WHAT YOU ARE ASKED TO DO
Leave every image behind and restate the data word for word.

Caption-style text data
○ ○ ○

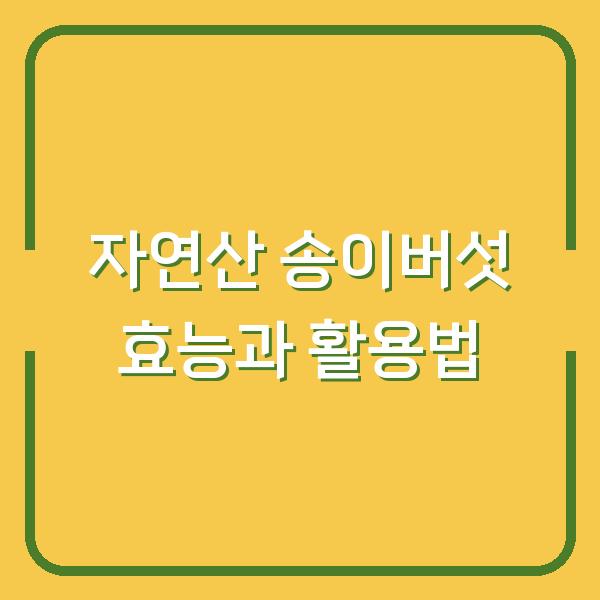 자연산 송이버섯 효능과 활용법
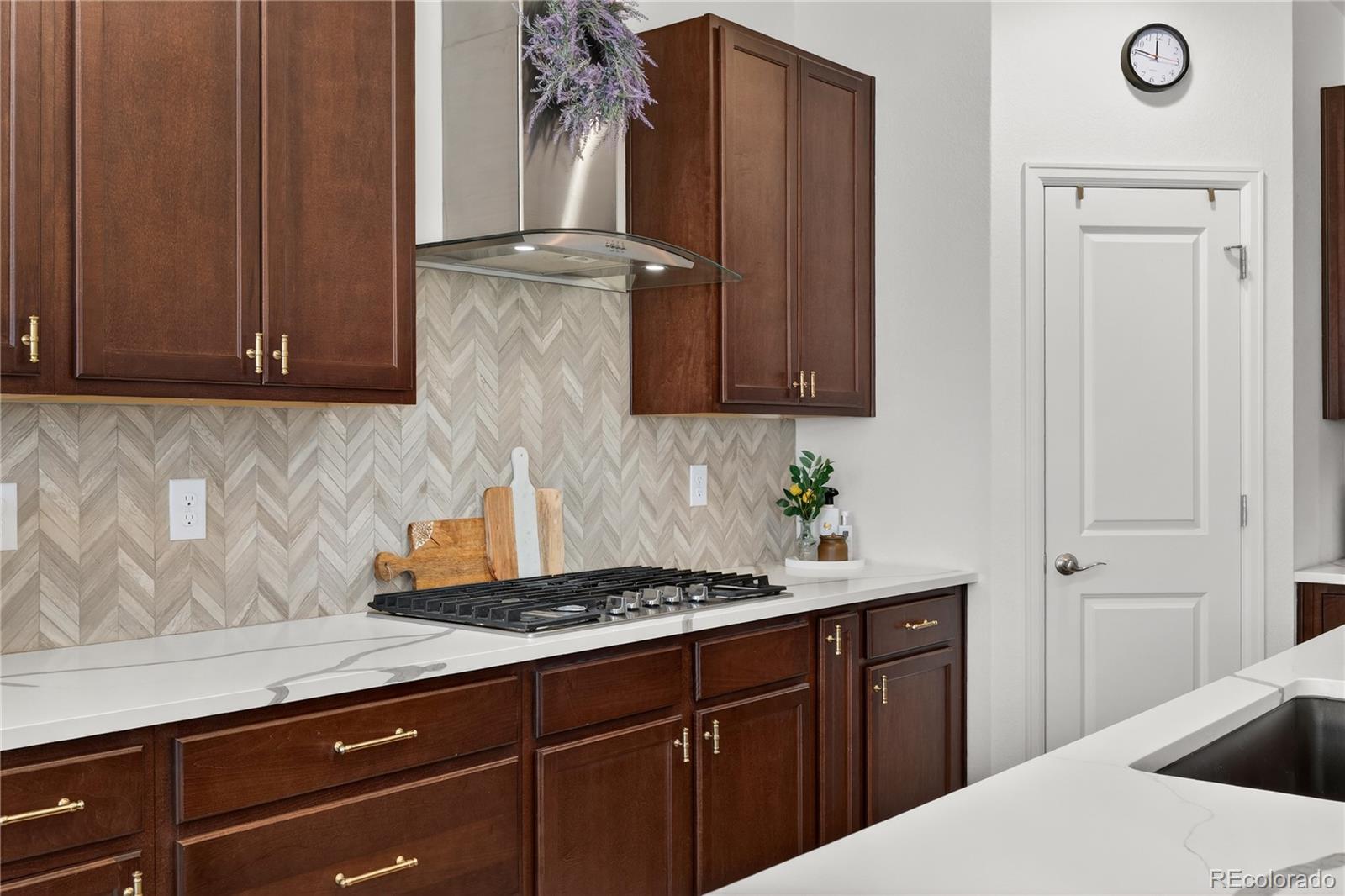 5737 Amarosa Drive Parker CO 80134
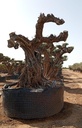 L05093 foto 3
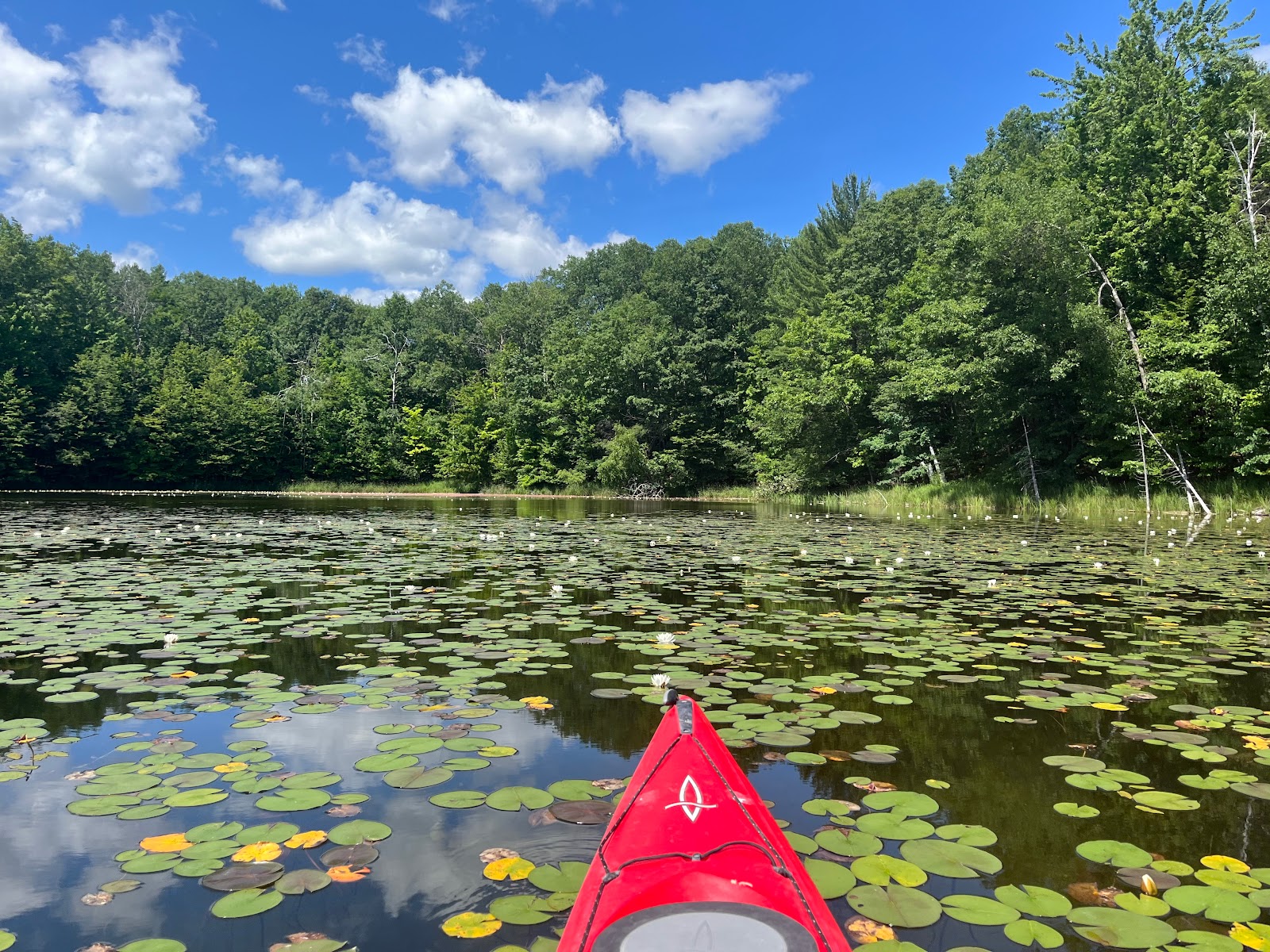 Arbutus Lake SF Campground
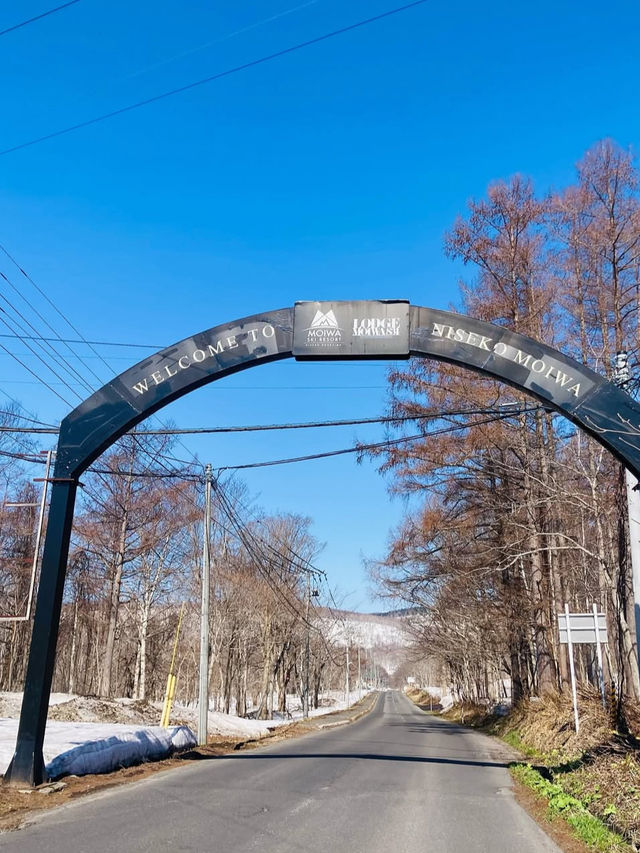🎯【北海道・ニセコ＆羊蹄山】“蝦夷富士”を見上げる、冬も夏も楽しめる高原旅 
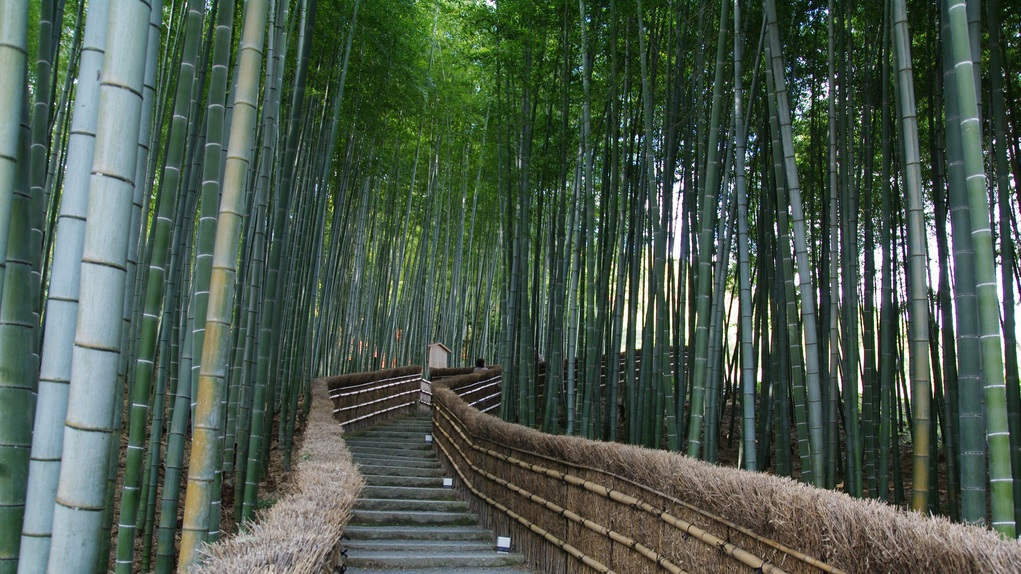 【京都観光】嵐山の竹林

○ ○ ○

TASK RESULT
 자연산 송이버섯 효능과 활용법
 5737 Amarosa Drive Parker CO 80134
 L05093 foto 3
 Arbutus Lake SF Campground
🎯【北海道・ニセコ＆羊蹄山】“蝦夷富士”を見上げる、冬も夏も楽しめる高原旅 
 【京都観光】嵐山の竹林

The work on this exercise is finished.